Try it:
With the images removed, write out every line below exactly.

Information supplied:
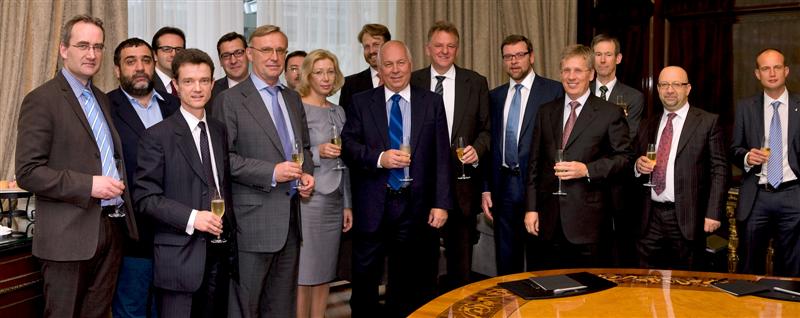 Final Conclusion of Stake Increase in Kamaz: Russian Technologies, Daimler AG, the European Bank for Reconstruction and Development (EBRD), Troika Dialog, and Kamaz yesterday jointly announced the successful signing of a deal under which Russian Technologies, Daimler AG, and the EBRD each have increased equity stakes in the Russian heavy-truck manufacturer Kamaz.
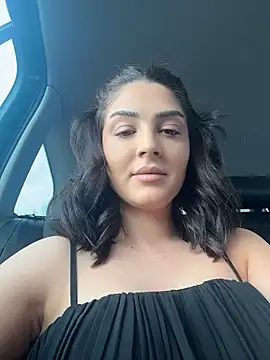 Snapshot of Lexi_Storm chatting on July 16, 5:04 am Lexi Storm online show from July 16, 5:04 am
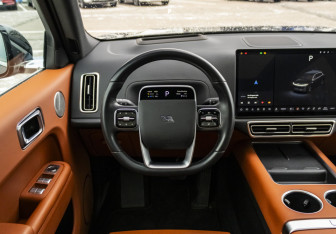 Подержанный автомобиль LiXiang L7 2023 года (13 фото)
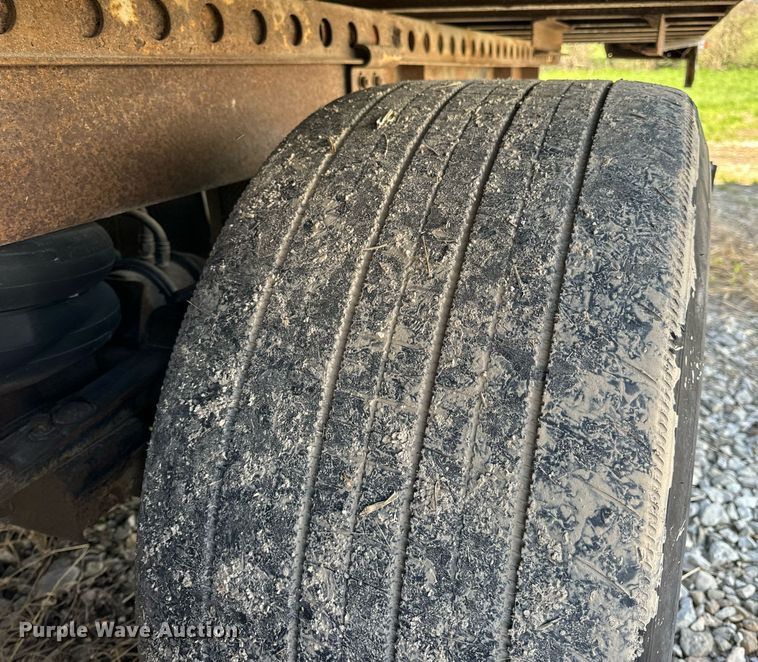 image for item DV1916 2004 Lufkin TFV-CLST dry van trailer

Exercise answer:
 Final Conclusion of Stake Increase in Kamaz: Russian Technologies, Daimler AG, the European Bank for Reconstruction and Development (EBRD), Troika Dialog, and Kamaz yesterday jointly announced the successful signing of a deal under which Russian Technologies, Daimler AG, and the EBRD each have increased equity stakes in the Russian heavy-truck manufacturer Kamaz.
 Snapshot of Lexi_Storm chatting on July 16, 5:04 am Lexi Storm online show from July 16, 5:04 am
 Подержанный автомобиль LiXiang L7 2023 года (13 фото)
 image for item DV1916 2004 Lufkin TFV-CLST dry van trailer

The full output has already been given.